→ DESCRIPTION OF THE TASK
Go through the listing below and retype exactly the lines starting at the one with "鸣人纲手办公室无删减封面" and ending at the one with "Вакансия Специалист клиентской", skipping pictures.
BEGIN STORED DATA
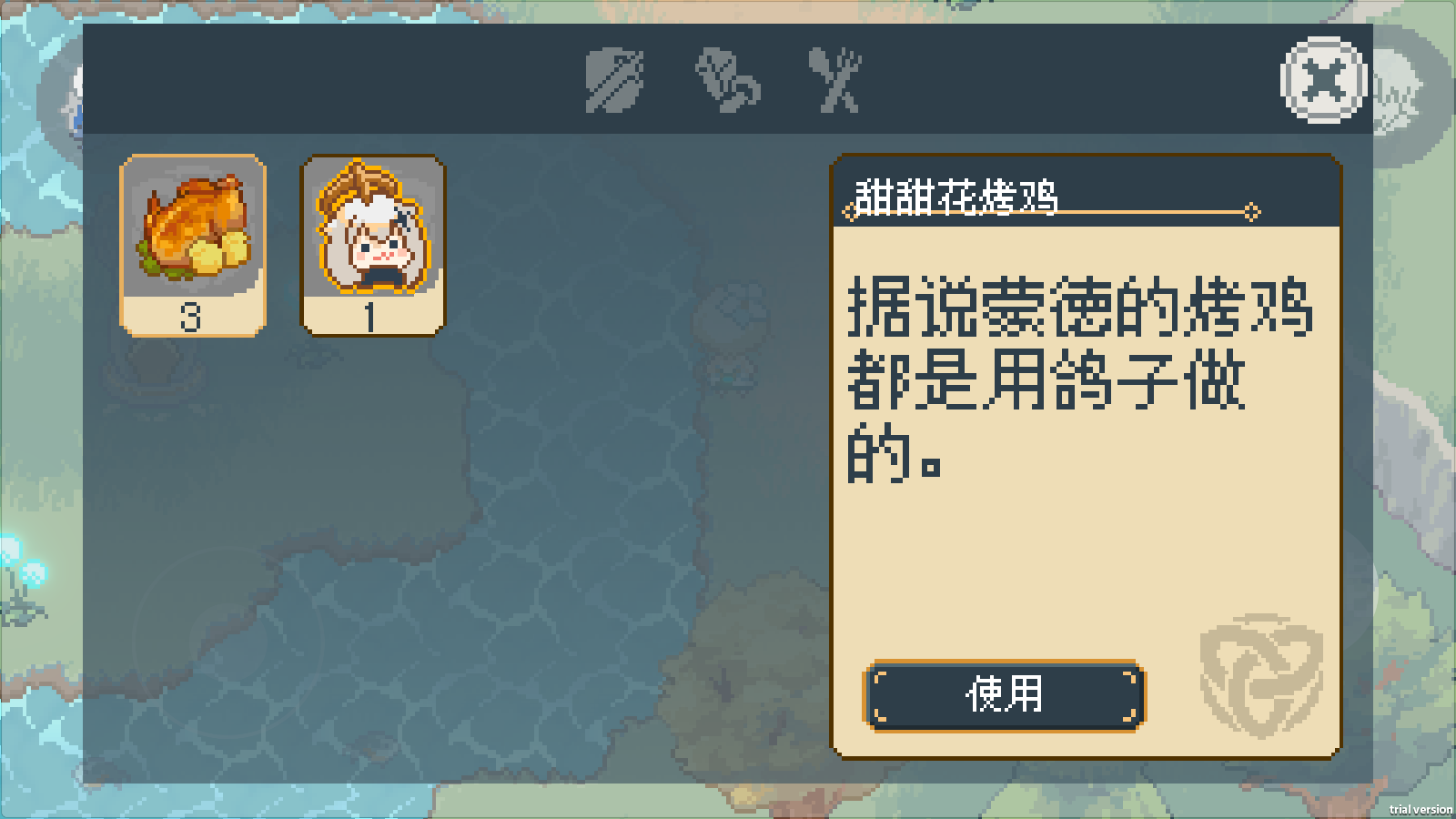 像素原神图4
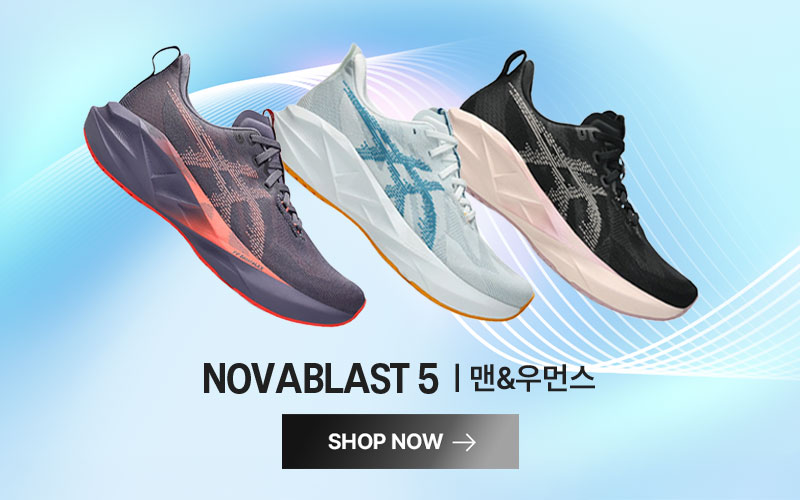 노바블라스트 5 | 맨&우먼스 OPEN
END STORED DATA
BEGIN STORED DATA
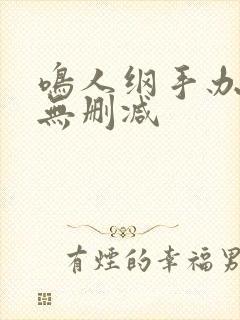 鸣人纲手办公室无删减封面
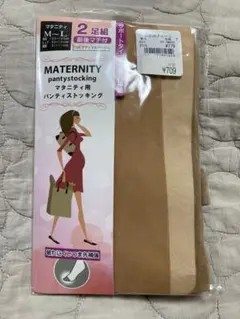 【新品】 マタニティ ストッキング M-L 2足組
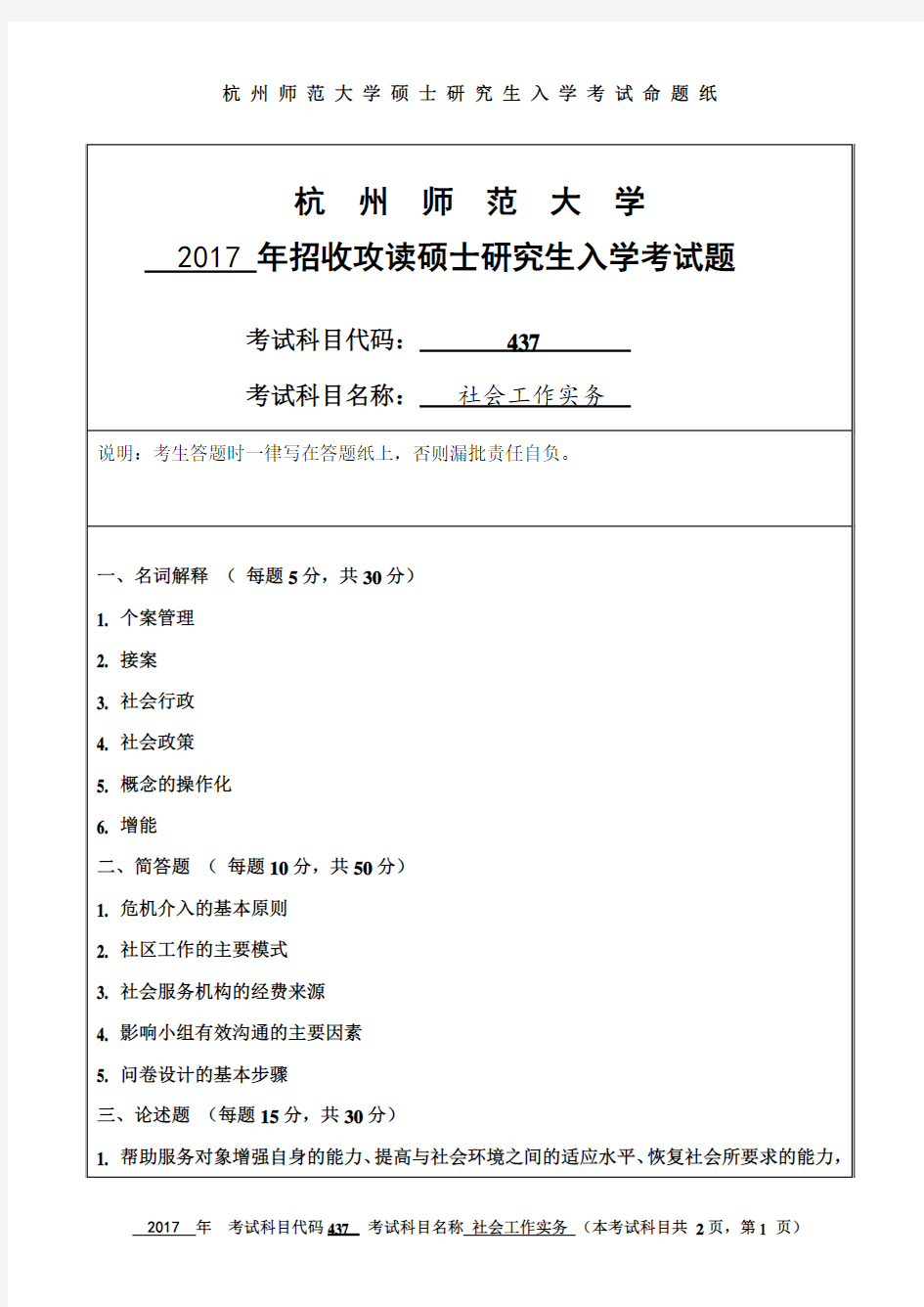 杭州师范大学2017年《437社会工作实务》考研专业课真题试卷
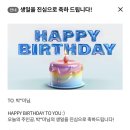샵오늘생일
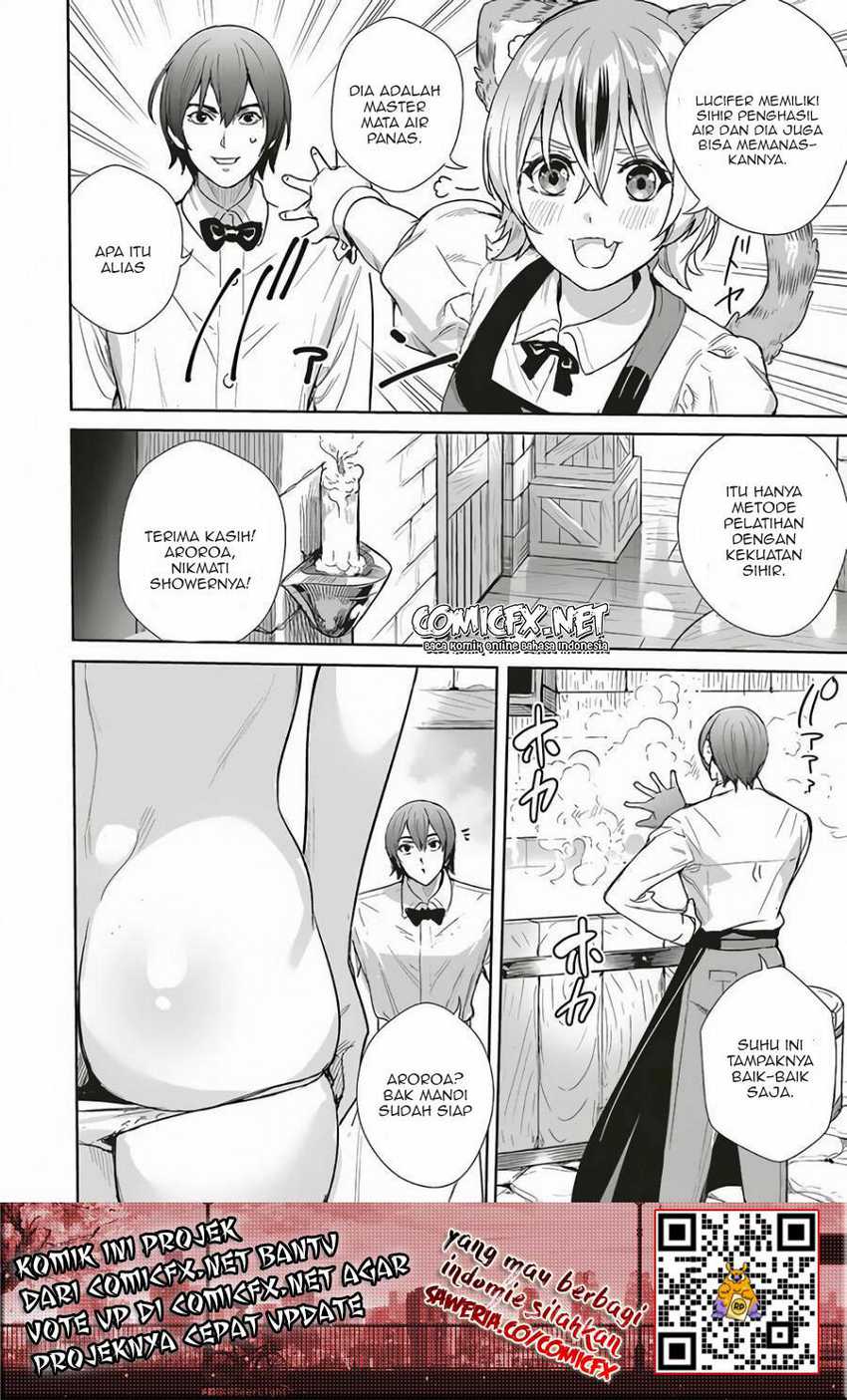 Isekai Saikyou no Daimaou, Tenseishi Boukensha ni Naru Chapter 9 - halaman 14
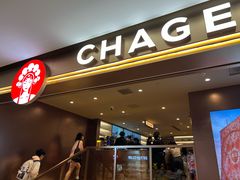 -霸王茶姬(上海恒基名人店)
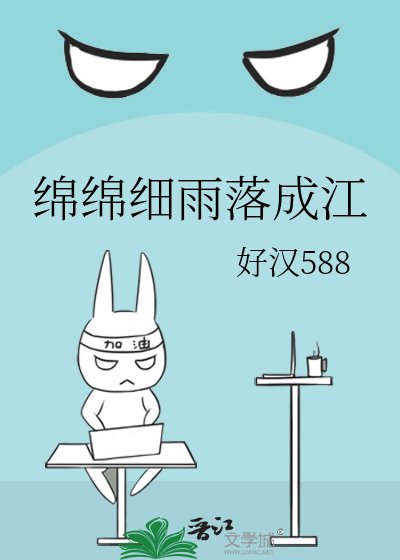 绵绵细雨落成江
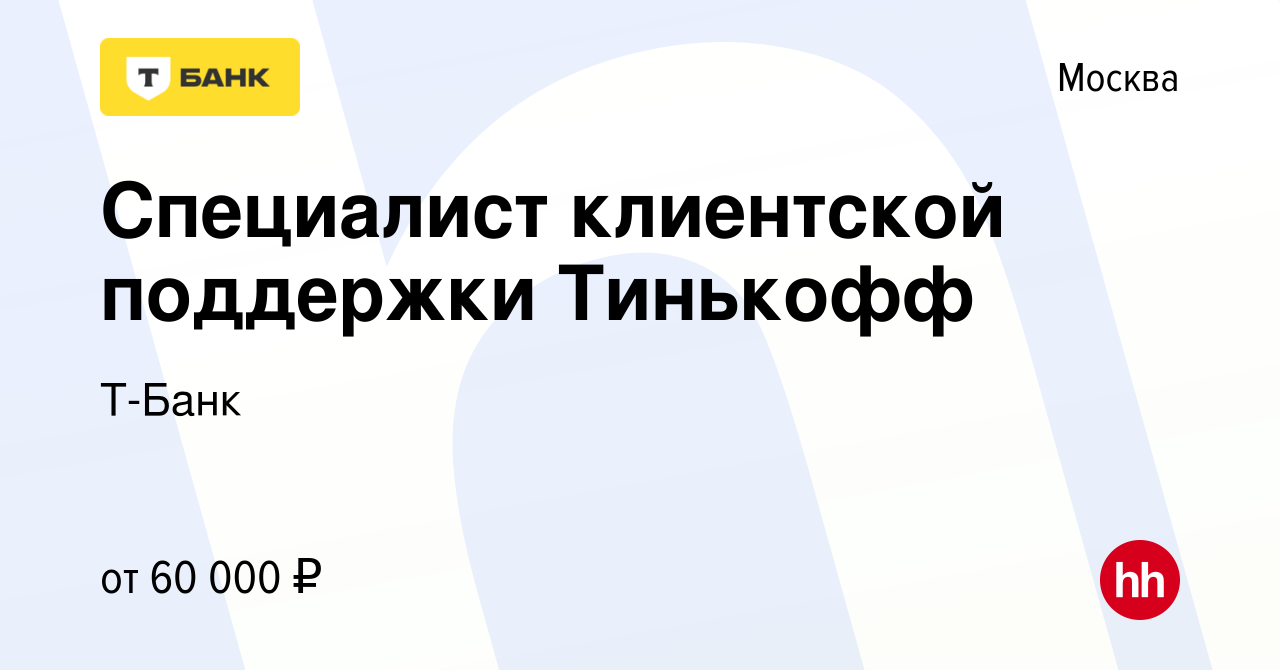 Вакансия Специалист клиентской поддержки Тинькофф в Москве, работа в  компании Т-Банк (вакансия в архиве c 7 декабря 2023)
END STORED DATA
→ FINAL ANSWER
 鸣人纲手办公室无删减封面
 【新品】 マタニティ ストッキング M-L 2足組
 杭州师范大学2017年《437社会工作实务》考研专业课真题试卷
샵오늘생일
 Isekai Saikyou no Daimaou, Tenseishi Boukensha ni Naru Chapter 9 - halaman 14
 -霸王茶姬(上海恒基名人店)
 绵绵细雨落成江
 Вакансия Специалист клиентской поддержки Тинькофф в Москве, работа в  компании Т-Банк (вакансия в архиве c 7 декабря 2023)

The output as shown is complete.